The Internal Revenue Service announced a new Voluntary Classification Settlement Program yesterday. This program will allow employers to avoid costly IRS audits over classification of their workers as employees or independent contractors by voluntarily reclassifying their workers (or classes of workers) as employees for federal employment tax purposes and paying a portion of the prior year's employment tax. This follows on the heels of a joint announcement by the IRS and the Department of Labor earlier this week that both departments would be working more aggressively to prevent, detect, and remedy employee misclassifications.

For federal tax purposes, payments to employees are subject to income tax and employment tax withholding, while payments to independent contractors are not. The determination of whether a worker is an employee or a contractor is based on all the facts and circumstances, and it is often difficult to make this distinction. This state of affairs has led to numerous IRS audits and high-stakes disputes with employers over the proper classification of their workers.

The new Voluntary Classification Settlement Program allows employers to avoid IRS audits and obtain substantial relief from federal payroll taxes they may have owed in the past if they agree to treat their workers (or a class of workers) as employees prospectively. Employers who participate in the program will pay 10 percent of the employment tax liability that may have been due on compensation paid to those workers for the most recent tax year but will have to treat those workers as employees and withhold taxes on their wages going forward. Participating employers will not be subject to interest or penalties on past-due employment tax liabilities attributable to those workers and will not be subject to an IRS audit with respect to those workers. In addition, participants in the program will have to agree to extend the statute of limitations for assessments of employment taxes for the following three years.

To be eligible for the Voluntary Classification Settlement Program, an employer must

  • Consistently have treated the workers in the past as contractors, not employees;
  • Have filed all required Forms 1099 for the workers for the previous three years; and
  • Not currently be under audit by the IRS, the Department of Labor, or a state agency concerning the classification of these workers.

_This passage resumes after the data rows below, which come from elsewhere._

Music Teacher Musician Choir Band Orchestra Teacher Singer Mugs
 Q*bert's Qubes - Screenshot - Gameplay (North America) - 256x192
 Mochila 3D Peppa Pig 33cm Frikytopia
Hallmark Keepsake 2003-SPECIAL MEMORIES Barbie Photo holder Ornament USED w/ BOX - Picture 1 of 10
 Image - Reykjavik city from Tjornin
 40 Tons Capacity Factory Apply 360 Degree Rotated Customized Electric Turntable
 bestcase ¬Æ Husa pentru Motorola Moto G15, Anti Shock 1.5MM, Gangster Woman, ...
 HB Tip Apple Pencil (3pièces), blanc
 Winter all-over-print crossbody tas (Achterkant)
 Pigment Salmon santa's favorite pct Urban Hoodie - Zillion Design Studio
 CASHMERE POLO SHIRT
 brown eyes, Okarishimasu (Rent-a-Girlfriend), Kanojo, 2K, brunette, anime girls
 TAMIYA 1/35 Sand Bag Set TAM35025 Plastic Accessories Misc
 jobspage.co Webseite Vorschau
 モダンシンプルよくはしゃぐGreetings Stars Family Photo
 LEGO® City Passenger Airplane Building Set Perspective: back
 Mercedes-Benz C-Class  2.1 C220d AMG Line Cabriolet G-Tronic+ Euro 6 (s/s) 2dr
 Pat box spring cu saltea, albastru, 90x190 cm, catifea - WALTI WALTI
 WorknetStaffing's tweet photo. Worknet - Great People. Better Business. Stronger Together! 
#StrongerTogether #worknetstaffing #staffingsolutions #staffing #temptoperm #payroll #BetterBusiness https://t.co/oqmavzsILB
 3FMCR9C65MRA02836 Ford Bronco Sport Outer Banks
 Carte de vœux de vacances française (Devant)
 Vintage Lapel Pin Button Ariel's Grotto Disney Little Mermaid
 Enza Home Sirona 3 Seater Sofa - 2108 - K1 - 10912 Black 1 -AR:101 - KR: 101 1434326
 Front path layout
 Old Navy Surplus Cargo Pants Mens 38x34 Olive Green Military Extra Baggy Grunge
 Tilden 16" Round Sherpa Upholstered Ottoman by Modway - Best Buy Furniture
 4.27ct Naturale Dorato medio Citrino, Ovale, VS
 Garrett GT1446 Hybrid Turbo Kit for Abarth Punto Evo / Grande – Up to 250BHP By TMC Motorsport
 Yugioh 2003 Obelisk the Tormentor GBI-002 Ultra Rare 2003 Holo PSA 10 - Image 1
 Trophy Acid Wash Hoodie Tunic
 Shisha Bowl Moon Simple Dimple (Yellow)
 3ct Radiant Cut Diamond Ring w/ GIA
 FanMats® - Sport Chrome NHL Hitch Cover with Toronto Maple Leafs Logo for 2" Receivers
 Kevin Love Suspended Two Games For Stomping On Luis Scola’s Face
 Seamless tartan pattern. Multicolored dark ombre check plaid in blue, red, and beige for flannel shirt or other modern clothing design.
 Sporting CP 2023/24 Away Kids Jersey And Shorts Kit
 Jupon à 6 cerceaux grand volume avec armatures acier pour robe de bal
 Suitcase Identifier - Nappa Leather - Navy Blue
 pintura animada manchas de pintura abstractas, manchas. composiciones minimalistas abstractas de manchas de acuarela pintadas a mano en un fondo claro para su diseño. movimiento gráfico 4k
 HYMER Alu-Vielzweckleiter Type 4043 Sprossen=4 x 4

Application for the program will be made by filing Form 8952 with the IRS at least 60 days before the employer proposes to reclassify the workers as employees.

The new Voluntary Classification Settlement Program (IRS form available here) may offer some employers welcome relief from the risk of an IRS audit and a potential significant liability for prior years' withholding taxes. Employers thinking of entering the program, however, should study the FAQs that the IRS will publish on its website so that they can be sure they understand all the federal employment tax ramifications of voluntarily entering this program. Employers should also consider other possible ramifications of entering into this program, including state employment tax liabilities, state unemployment insurance liabilities, exposure to income taxes in other states, the potential impact on employee benefit plans and nontax legal concerns. The reclassification of an independent contractor as an employee under this program is likely to result in classification of the individual as an employee for all legal purposes. As a result, once such reclassification occurs, the employee will be subject to the protection of federal and state wage and hour laws, anti-discrimination laws, unemployment compensation benefit laws and other laws and regulations applicable to employees.